We risk being misunderstood, offending others, feeling hurt, and being confused. There are so many ways for things to go wrong that we could never learn how to fix all the problems after the damage is done – there’s just too much to know. And when things do go wrong, the personal and organizational costs can be unbearable. Careers can founder; new products can be too little too late; companies can fail.
A more effective approach avoids problems altogether, or at least minimizes their occurrence. If everyone in the group understands how interpersonal communications can fail, they can frame their communications to avoid problems.
Participants learn a model of interpersonal communications that can help them stay out of the ditches.
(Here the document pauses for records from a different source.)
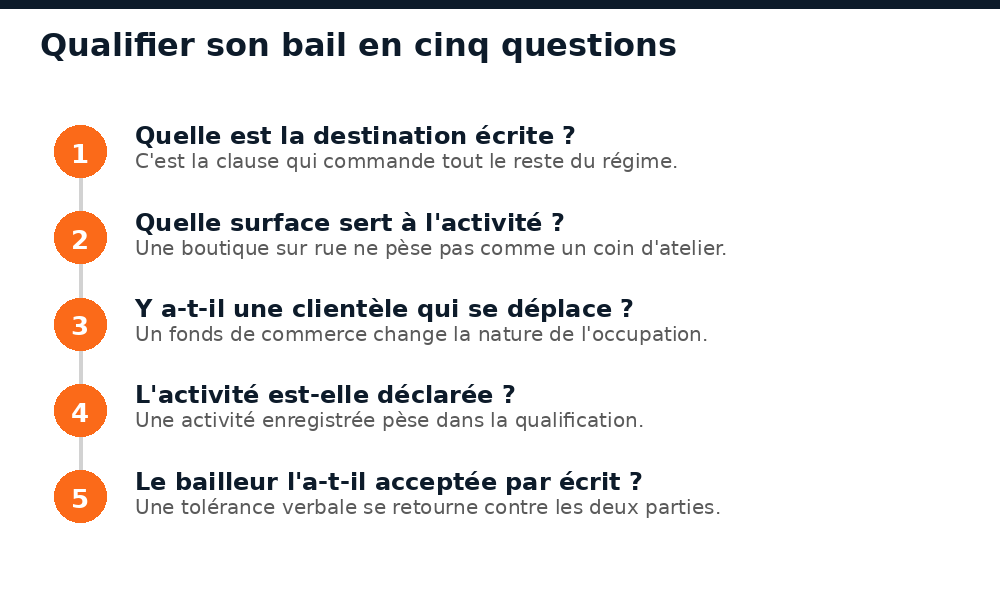 Cinq questions pour déterminer si un bail relève de l'habitation, du commercial ou du mixte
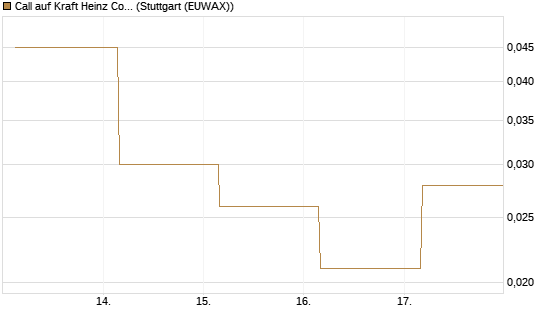 Call auf Kraft Heinz Company [J.P. Morgan Structured Products B.V.] Chart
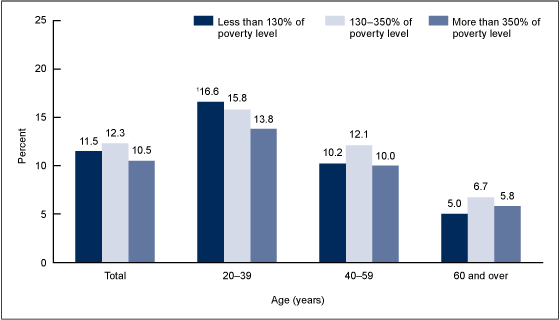 Процент калорий от фаст-фуда среди взрослых в возрасте 20 лет и старше по возрасту и доходам: США, 2007–2010 гг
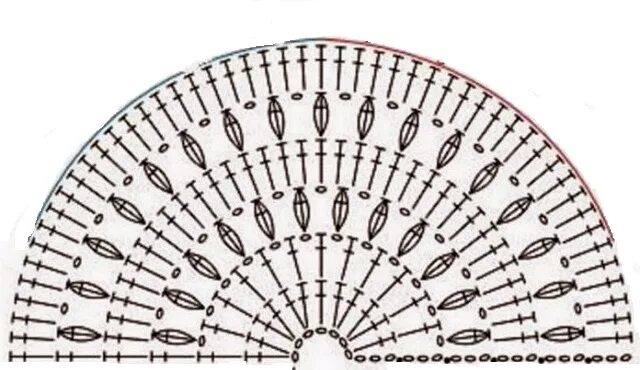Как связать полукруг. Коврик полукруг крючком. Вязаные коврики полукругом. Полукруглый коврик крючком схема. Ковер полукруг крючком.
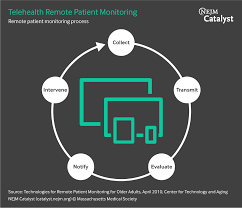 What Is Telehealth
Virginia Satir, a pioneering family therapist who applied systems thinking to the study of human relationships, originated the model. It provides a new understanding of how communications can go wrong and how to keep them right.
Understanding, though, is not enough. We must have access to what we know in the moment, when we’re deeply involved intellectually and emotionally. In those moments of intense involvement, we’re most likely to slip, and least likely to remember what we’ve learned. That’s why we use an interactive learning model in this Session. We emphasize communication under stress, where the most expensive failures occur. We’ll learn to appreciate that it’s far easier to avoid damage than to repair it once it’s done.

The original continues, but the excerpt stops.